Risk of bias quality appraisal
In order to estimate the risk of bias, we assessed the quality of the 128 included articles using eight items from colleagues [35] covering the multiple aspects aim, group allocation procedure, variable definitions, sample characteristics, (statistical) control of confounders, incomplete data, reproducibility, and test performance reporting. Each item provided a score between 0 (criterion not met) and 1 (criterion met). The items and corresponding codes are presented in the S2 Appendix. Each article was independently coded by the first author and one of three other researchers. A set of 30 articles was used as training material. After those were assessed independently, all four coders met to discuss interpretations of the questions and applications of the criteria. After aligning the approaches, the remaining articles were coded independently. This dataset formed the basis for the calculation of Cohen’s kappa as a measure of interrater reliability. Conflicts after completing the quality appraisal were resolved in three meetings between the researchers. We calculated an overall quality score for each article by averaging answers of all applicable items [35]. The overall quality score ranged between 0 (low quality) and 1 (high quality). We used a t-test for independent samples to compare quality scores between articles with one group and articles with more than one group (i.e., with between-subjects conditions). We calculated an ANOVA to compare quality scores between the article types “peer-reviewed journal article”, “conference proceeding”, and “doctorate thesis”. For all analyses, we used α = .05 as significance indicator. Lastly, we analysed difficulty (i.e., relative frequency of “criterion met”) and item-scale correlations of the items.
Statistical analyses
We calculated descriptive statistics of the articles’ metadata, i.e. country and context of origin, or year and type of publication, as well as other features such as sample characteristics, scale range, or presentation of scale results. From these analyses, we could derive typical Simple Scale applications suitable to answer our first research question. For participants’ age, we estimated mean ages from categories by assuming equal distribution of individual ages in the categories. Because of incomplete reporting in the study population, we can only partially answer research questions Q2-Q4 using descriptive analyses and a narrative synthesis instead of planned meta-analytic procedures.
Results
Literature review
We identified 437 unique references. Of those, 247 applied the Simple Scale empirically– 90 peer-review journal publications, 84 conference proceedings, 32 doctorate or graduate theses, 25 reports, and 16 books or book chapters. An Endnote library with all references can be found in the S2 File next to a spreadsheet with codes for section A of the coding manual for 247 articles (S1 Dataset). We included peer-reviewed journal articles, conference proceedings, and doctorate theses (N = 128) in further analyses.

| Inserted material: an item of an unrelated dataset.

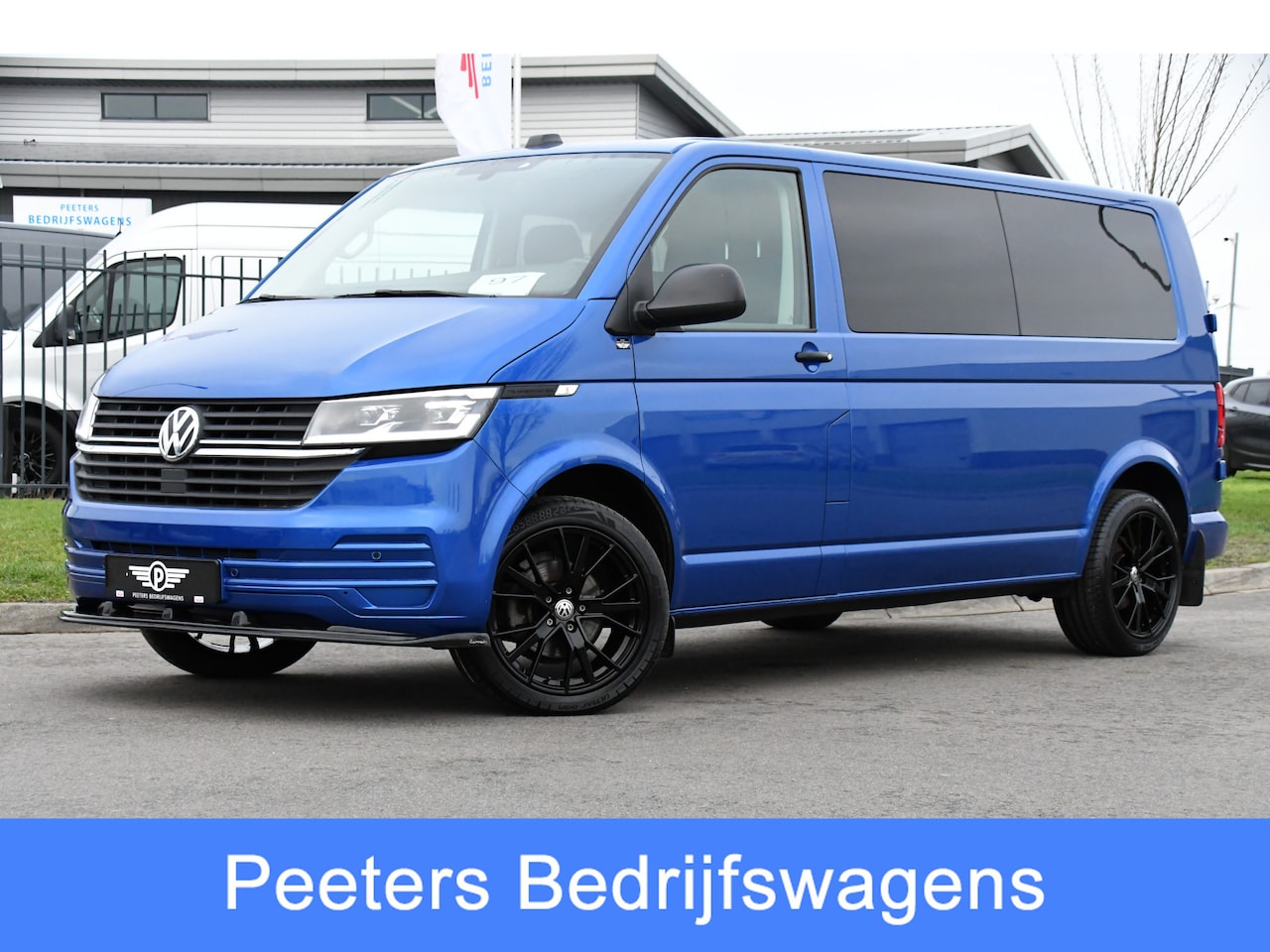 Volkswagen Transporter - 2.0 TDI L2H1 DC 30 Bulli Edition Camera, Cruise, Carplay, LED, Leder, 150pk, Stoelverwarmi - AutoWereld.nl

The combined sample size of the 128 studies was N = 6,058 (range 3 to 387; median 32). Note that in some cases the same dataset had been used for more than one publication (e.g., N = 72 in [36 and 37]), and that some articles theses used more than one sample in more than one study (e.g., [38–42]). Of all studies reporting gender distribution (112 articles; N = 5,462), 57% of participants were male. Mean age of participants was M = 37.15 years in 100 studies (N = 4,289 participants) reporting means. Estimated mean age for participants was M = 37.62 years in 14 studies (N = 546 participants) only reporting age categories. The remaining studies with N = 1,223 participants did not report age in a way to estimate a mean.
Quality appraisal
Cohen’s kappas between the first author and the other three researchers were.53,.54, and.71 before, and 1, 1, and 1 after conflict resolution, respectively. The largest discrepancies in appraisal were in item 3, item 5, and item 7 with 59%, 61%, and 71% initial agreement, respectively. Item statistics are displayed in Table 1. Codes for each article and item can be found in the S2 Dataset. The quality appraisal tool had a reliability of Cronbach’s α = .47 suggesting that these items do not form a narrow, one-dimensional construct of quality. This is exactly as expected since we aimed to include different facets of quality not contingent on another.
Overall, quality scores were low (M = .55, SD = .17; scale range 0 to 1). Sixty-five articles (51%) retrieved a score above.50. The majority of studies reported their aims (item 1) and procedure to be reproduced (item 7) at least partially. Surprisingly, a minority of studies defined the constructs they used to fulfil their stated aim (item 3) and reported test performance indicators such as Cronbach’s α (item 8). Low quality scores mean that the study is more difficult to interpret and reproduce, because important information is missing.
Quality scores among articles with at least two groups based on between-subjects conditions (58 studies) did not differ from those among articles with only one group without between-subjects conditions (70 studies) (t(126) = 1.27, p = .207). Quality scores were highest for doctorate theses (M = .60, SD = .16; 10 studies) followed by peer-reviewed journal articles (M = .56, SD = .18; 90 studies) and conference proceedings (M = .51, SD = .15; 28 studies), however without significant differences (F(2,125) = 1.56; p = .214).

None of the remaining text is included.